Records to process: Begin

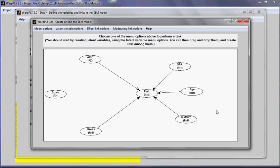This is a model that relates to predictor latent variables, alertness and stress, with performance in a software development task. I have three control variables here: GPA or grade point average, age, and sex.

Records to process: End
Records to process: Begin

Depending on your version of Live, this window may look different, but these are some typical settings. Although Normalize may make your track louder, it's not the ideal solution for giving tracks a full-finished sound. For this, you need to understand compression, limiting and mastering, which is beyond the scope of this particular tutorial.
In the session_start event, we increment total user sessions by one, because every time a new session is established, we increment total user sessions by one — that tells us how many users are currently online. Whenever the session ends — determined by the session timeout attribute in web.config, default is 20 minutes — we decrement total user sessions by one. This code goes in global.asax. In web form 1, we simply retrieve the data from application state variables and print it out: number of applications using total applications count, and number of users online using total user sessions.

Records to process: End

**Requirement**
Look above for the line containing "Depending on your" and the line containing "In the session_start". Transcribe both, with the lines between them, exactly.

**Output below**
Depending on your version of Live, this window may look different, but these are some typical settings. Although Normalize may make your track louder, it's not the ideal solution for giving tracks a full-finished sound. For this, you need to understand compression, limiting and mastering, which is beyond the scope of this particular tutorial.
In the session_start event, we increment total user sessions by one, because every time a new session is established, we increment total user sessions by one — that tells us how many users are currently online. Whenever the session ends — determined by the session timeout attribute in web.config, default is 20 minutes — we decrement total user sessions by one. This code goes in global.asax. In web form 1, we simply retrieve the data from application state variables and print it out: number of applications using total applications count, and number of users online using total user sessions.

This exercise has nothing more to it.